- _Aim of the task_: Keep to one stretch of the data below, the lines from the one with "Sarıcakaya Laçin Barajı'nın" up to and including the one with "Snapshot of Georgina_Giio", and return that stretch exactly.

- _Supplied material_:

▼▼▼

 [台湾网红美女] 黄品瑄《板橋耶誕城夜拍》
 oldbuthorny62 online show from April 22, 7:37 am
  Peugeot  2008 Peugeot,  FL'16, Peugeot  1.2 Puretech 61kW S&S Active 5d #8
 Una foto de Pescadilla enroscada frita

▲▲▲
▼▼▼

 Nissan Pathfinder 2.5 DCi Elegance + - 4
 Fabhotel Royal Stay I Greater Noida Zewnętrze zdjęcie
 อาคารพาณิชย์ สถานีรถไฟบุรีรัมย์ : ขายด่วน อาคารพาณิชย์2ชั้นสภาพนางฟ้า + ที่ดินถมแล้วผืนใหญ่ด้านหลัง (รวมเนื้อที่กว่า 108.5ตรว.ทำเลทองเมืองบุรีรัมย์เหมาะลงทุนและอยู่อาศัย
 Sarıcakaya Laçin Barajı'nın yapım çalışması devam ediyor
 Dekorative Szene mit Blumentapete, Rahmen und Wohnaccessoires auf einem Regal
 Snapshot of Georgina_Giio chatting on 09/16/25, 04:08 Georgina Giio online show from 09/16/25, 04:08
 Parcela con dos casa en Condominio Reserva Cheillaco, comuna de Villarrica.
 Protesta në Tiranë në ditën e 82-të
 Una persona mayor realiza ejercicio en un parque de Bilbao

▲▲▲

- _Written solution_:
 Sarıcakaya Laçin Barajı'nın yapım çalışması devam ediyor
 Dekorative Szene mit Blumentapete, Rahmen und Wohnaccessoires auf einem Regal
 Snapshot of Georgina_Giio chatting on 09/16/25, 04:08 Georgina Giio online show from 09/16/25, 04:08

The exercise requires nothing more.